Gramsci e il governo Conte
Che c’entra Gramsci con il nuovo governo della destra
e dei populisti? Gramsci c’entra sempre quando si tratta di Italia. Chi voglia
provare a capire i caratteri della nostra (eterna) crisi non può fare a meno
delle sue analisi. Che come quelle di ogni classico mantengono intatta la loro
attualità.
In una nota del Quaderno
6 scrive proprio del “populismo”: esso è una forma di neutralizzazione del
protagonismo delle masse; di fronte alla loro domanda di diritti e di potere le
classi dominanti “reagiscono con questi movimenti ‘verso il popolo’”. Il
“pensiero borghese”, aggiunge Gramsci, “non vuole perdere la sua egemonia sulle
classi popolari e, per esercitare meglio questa egemonia, accoglie una parte
dell’ideologia proletaria”. La parola chiave è “egemonia”. Il “populismo” è
insomma il travestimento della destra che si fa sinistra, per conservare il
potere economico, politico e culturale accoglie “parte” delle istanze di
sinistra: il lavoro, le tasse, le domande securitarie, le identità corporative
o di campanile, fino a certo deteriore “nazionalismo popolare” del ‘sangue e
suolo’.
In una nota del 1930 Gramsci aveva indagato il
fenomeno dall’altro verso: non dell’andare al popolo dei potenti, ma della
ripulsa della politica da parte del popolo. Popolo che prova “avversione verso
la burocrazia” o “odia il ‘funzionario’”, antipolitica
diremmo oggi, ma che pure non riesce a darsi una strategia autonoma di
alternativa. Si tratta, nota acutamente Gramsci, di “odio ‘generico’ ancora di
tipo ‘semifeudale’, non moderno, e non può essere portato come documento di
coscienza di classe”. Due elementi: è una politica immatura quella del populismo, regressiva; d’altro canto non è
possibile populismo ‘di sinistra’ (osservazione non scontata, non mancano oggi
infatti tentativi di declinazione progressiva del populismo, direi da Laclau a
Mélenchon). Occorre invece una critica
moderna dello stato di cose esistente. Che solo la politica può dare.

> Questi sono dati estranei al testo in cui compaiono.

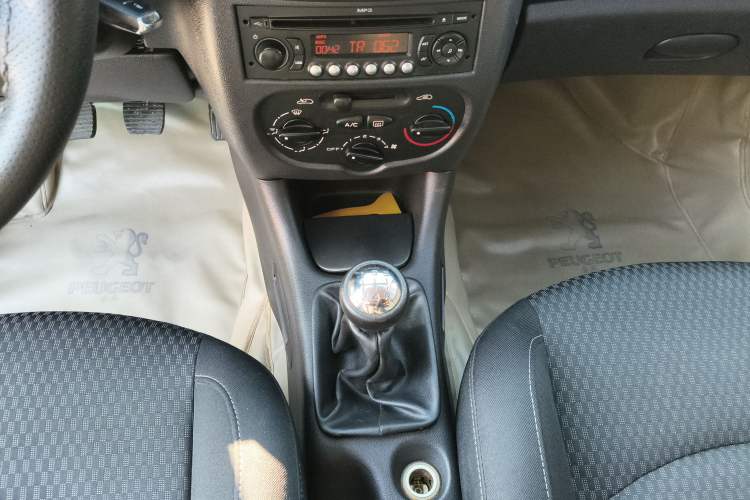Used Peugeot 207 2011 Hatchback 1.4L Manual Yule Edition Gear Lever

Contro populismo e antipolitica occorre non farsi corrivi con lo spirito dei
tempi, non porsi “sulla difensiva” rispetto al piano egemonico dell’avversario.
E invece la sinistra italiana, già agli occhi di Gramsci, scontava proprio un
difetto politico, di “scarsa efficienza dei partiti”, ridotti a “bande
zingaresche” o al “nomadismo politico”. L’eterno trasformismo della politica nazionale.

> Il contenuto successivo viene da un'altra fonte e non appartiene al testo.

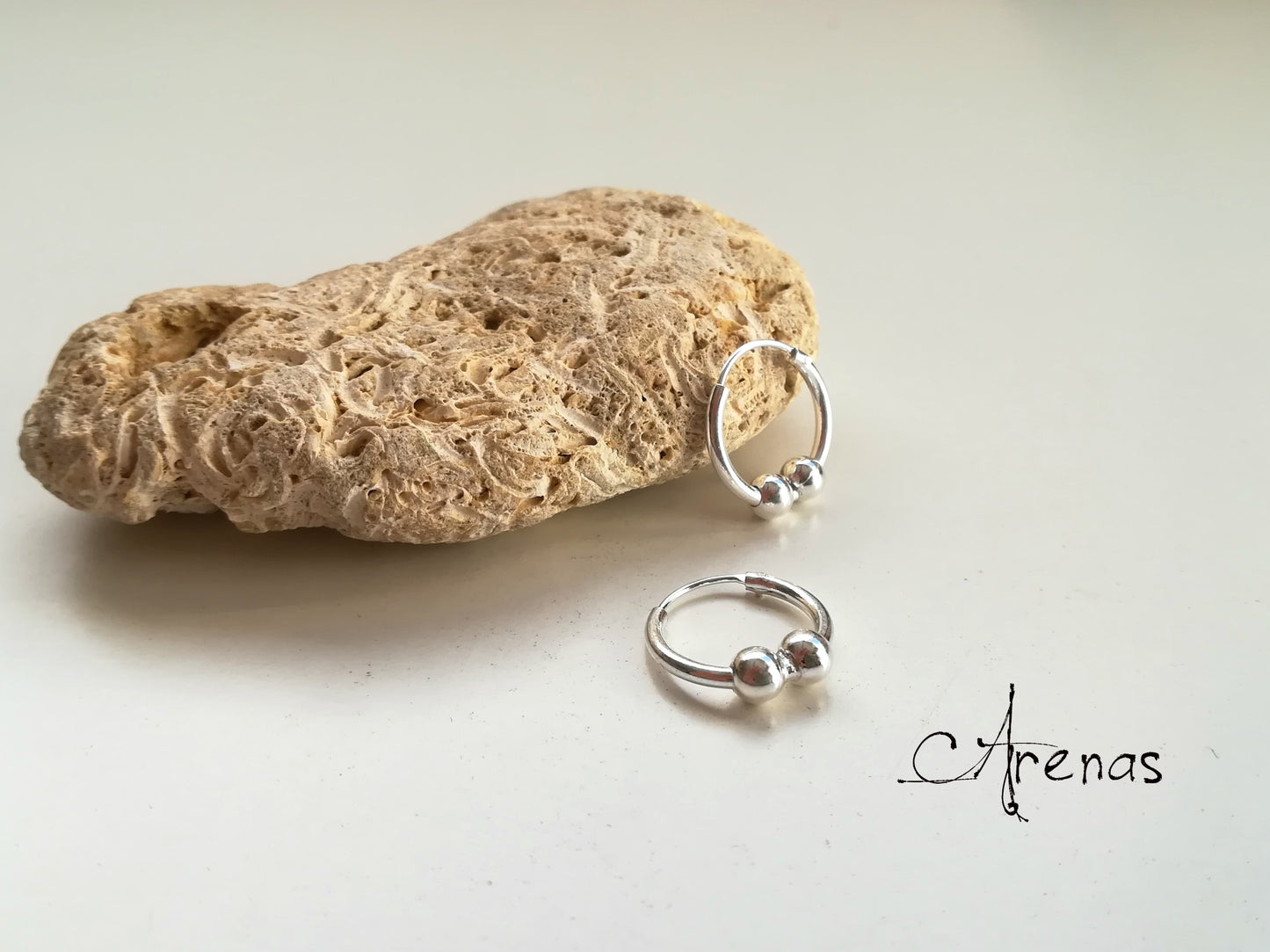 Aros de Plata con bola - Argollas de Plata 14mm - ArenasJewelry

Questa doppia debolezza strutturale della destra di
governo e della sinistra di alternativa è la ragione profonda ed esaustiva
della fragilità storica della nostra democrazia, ma dell’intero nostro tessuto
civile, se è vero che in Italia non è “mai esistito un ‘dominio della legge’,
ma solo una politica di arbitrii e di cricca personale e di gruppo”.
Si pensi proprio alla nascita del governo Conte. Sul
Manifesto Gaetano Azzariti ha parlato di “gestione del tutto privata della
crisi”, con “il programma di governo trasformato in un contratto tra due
signori stipulato davanti a un notaio, le cui obbligazioni sono assolte da un
loro fiduciario”. Populismo e privatismo possono ben andare insieme. Come per
altro avevamo imparato già da Berlusconi.
L’alternativa a tutto ciò deve essere chiara e netta:
tornare alla politica, al “dominio della legge”, dell’interesse generale.
Perché se certo la colpa dell’antipolitica è della politica, pure l’antidoto
all’antipolitica può essere solo di nuovo la politica. Combattere il populismo
si deve rivendicando la nobiltà della politica. E praticandola. Rischiando
anche l’impopolarità dell’antipopulismo (tanto più che il risultato
straordinario del referendum del dicembre 2016 prova che nei momenti topici il
popolo italiano mostra discernimento e intelligenza politica).
Ancora Gramsci ricorda che il fenomeno dell’“apoliticismo”
si spiega col fatto che i partiti in Italia “nacquero tutti sul terreno
elettorale” (oggi potremmo dire da Sinistra Arcobaleno a Liberi e Uguali),
risultato di “un insieme di galoppini e maneggioni elettorali, un’accolita di
piccoli intellettuali di provincia”, senza visione, senza strategia, senza
senso della politica.
Queste dunque le priorità della possibile e necessaria
alternativa al populismo: organizzazione delle masse popolari, autonomia
culturale e politica, un partito della sinistra in grado di corrispondere al
dettato dell’articolo 49 della Costituzione: “concorrere con metodo democratico
a determinare la politica nazionale”. Avendone un’idea possibilmente: di
interesse nazionale, di politica, di democrazia.